McMaster had ordered the legislature back for an extra session on May 16 to make sure several pieces of legislation, including the “Fetal Heartbeat and Protection Act,” were voted on before the lawmakers adjourned. The state Senate voted Tuesday, 27 to 19, to send the bill to the governor’s desk, despite the state Supreme Court ruling last year that a similar ban was unconstitutional. (RELATED: Republican Governor Orders Legislature Back To Get Heartbeat Abortion Bill Over The Finish Line)

McMaster congratulated lawmakers Tuesday on Twitter for getting the measure passed and said he was ready to sign the bill into law. “The General Assembly has handled this issue in a thoughtful, transparent and collaborative manner,” McMaster wrote. “Tonight, our state is one step closer to protecting more innocent lives. I look forward to signing this bill into law as soon as possible.”

The bill bans abortions in the state after a heartbeat is detected with exceptions for rape, incest and if a physician determines that an abortion would be necessary to “prevent the death of the pregnant woman or to prevent the serious risk of a substantial or irreversible impairment of a major bodily function.” The bill also requires the doctor to record a heartbeat if present and show the mother ultrasound pictures before performing an induced abortion.

Planned Parenthood South Atlantic in South Carolina posted on Twitter following the vote that they were ready to challenge the new law in court if necessary.

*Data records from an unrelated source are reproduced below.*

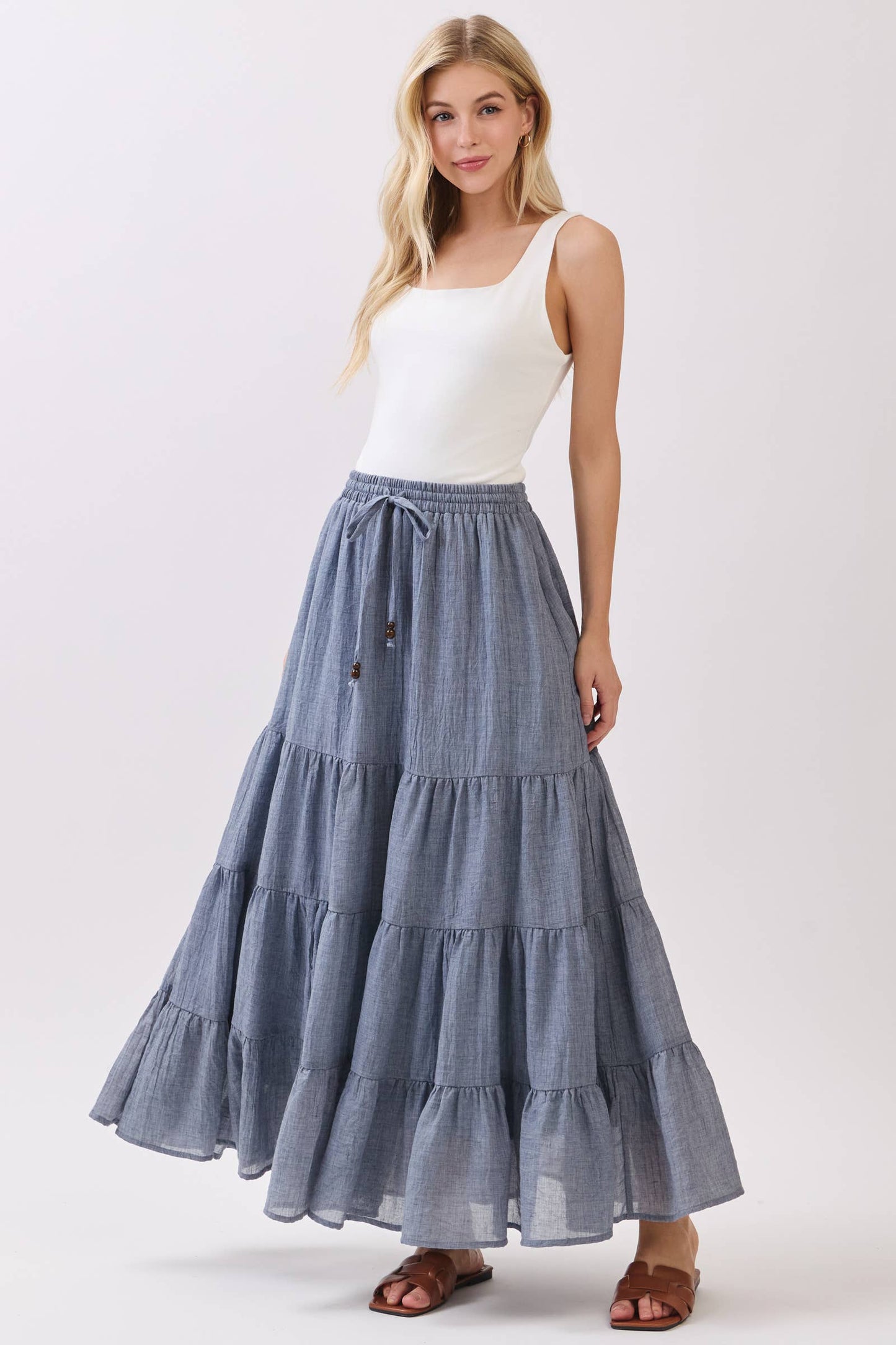 Tiered Coconut Tie Detail Maxi Skirt - VS3009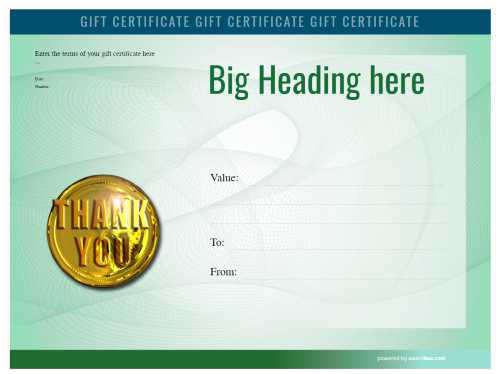 heavily colored green gift certificate customizable template design with swirling watermark and gold thank you medal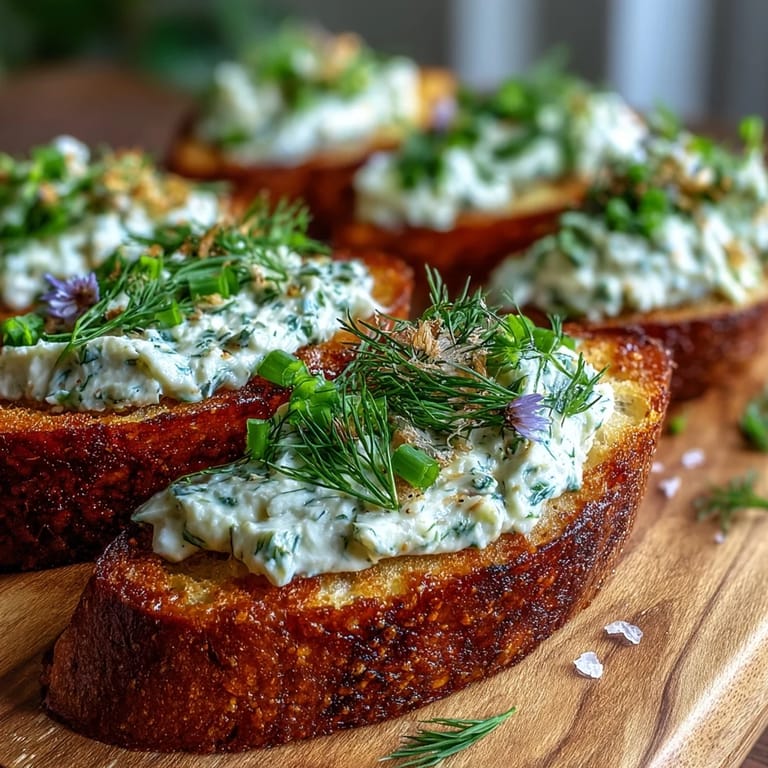 Golden toasted crostini topped with creamy, seasoned cheese and a vibrant herb medley.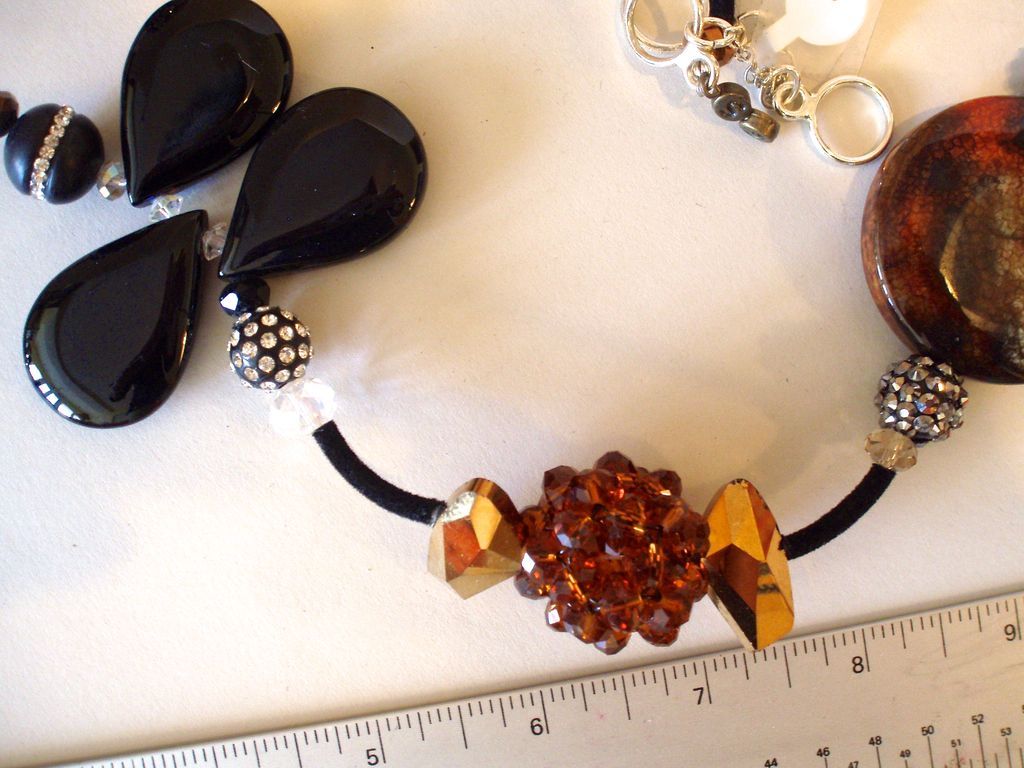 Long Artisan Collage Necklace / Earth Tones Long Artisan Collage Necklace / Earth Tones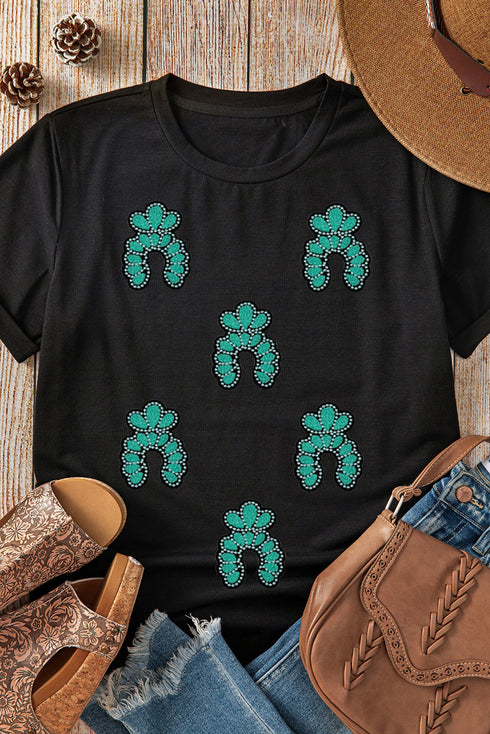 Western Inspired Sequin Squash Blossom Graphic Print T Shirt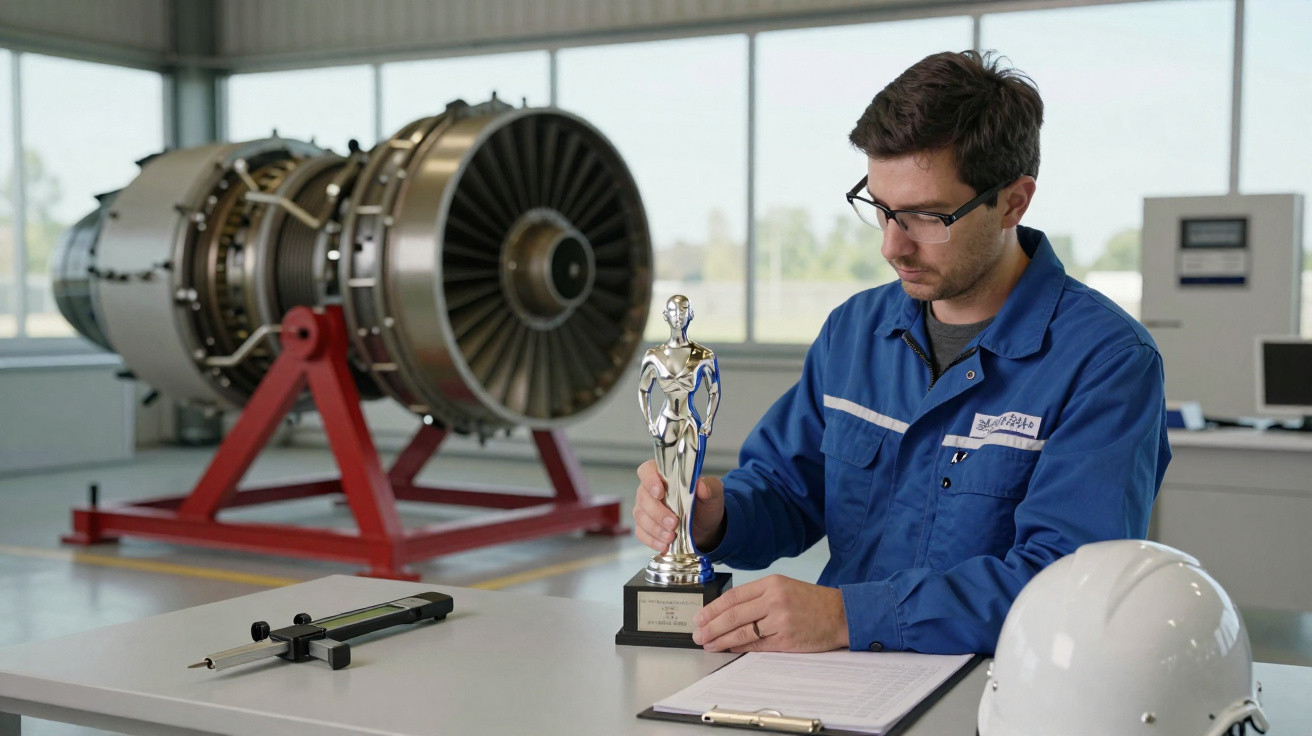 Engenheiros de manutenção em fábrica a examinar um troféu junto a equipamento técnico e capacete de segurança.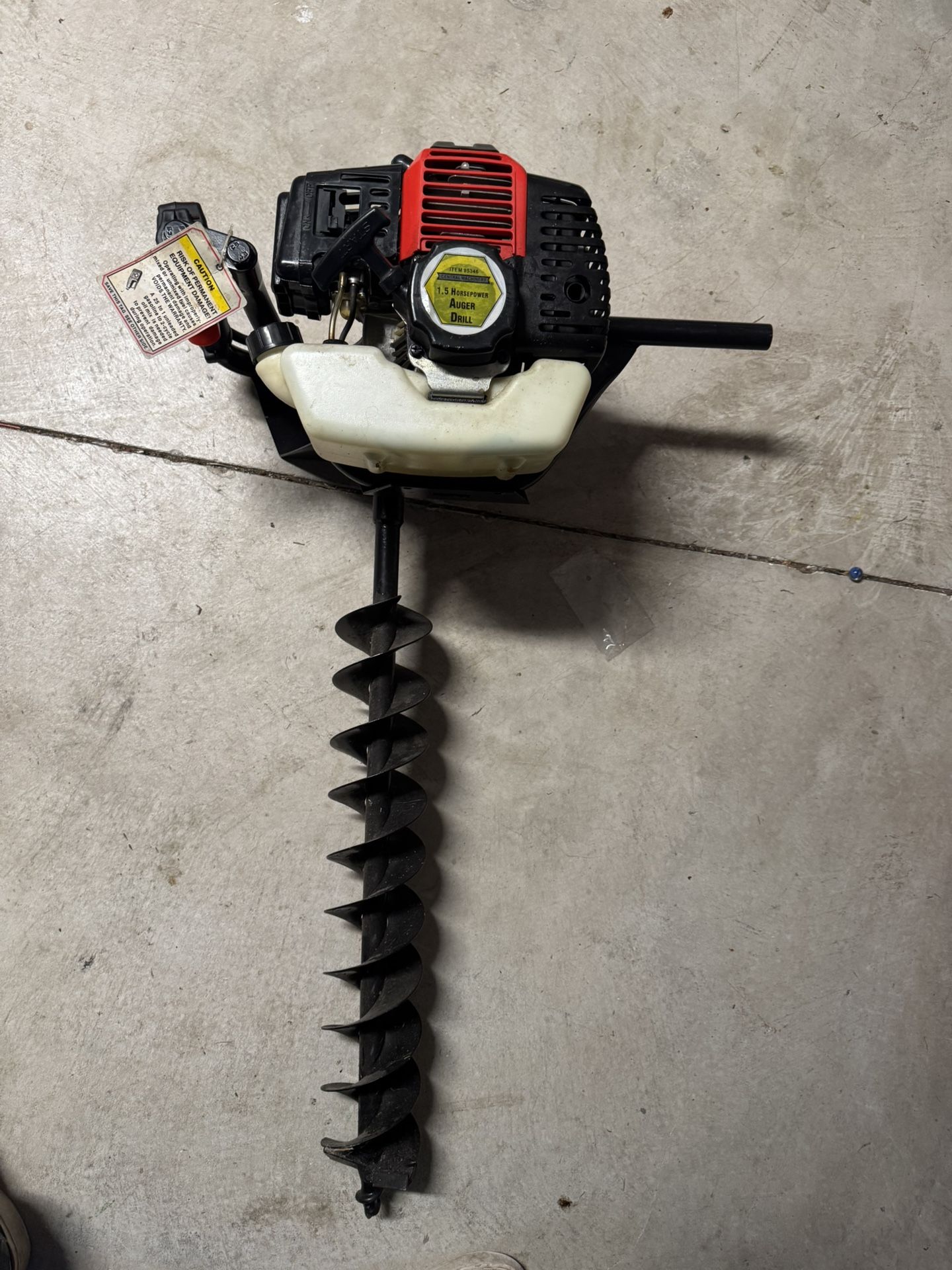 1.5 HP Gasoline Auger Drill with Double Gear Reduction; Comes with 4" diameter x 30" long auger bit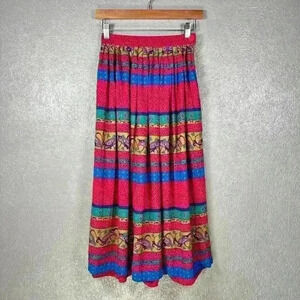 VINTAGE Chaus 80s Bright Pattern Maxi Full A-Line Pleated Skirt Women XS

“BREAKING: The S.C. legislature just passed a ban on abortion after 6 weeks of pregnancy,” Planned Parenthood wrote. “The bill now heads to the governor, who is expected to sign the bill into law. We have just one thing to say to the state of South Carolina: ‘We’ll see you in court.'”

A similar law was struck down by the state’s Supreme Court last year due to concerns that the ban would infringe on a woman’s right to privacy under the Fourth Amendment, which prohibits unlawful search and seizure.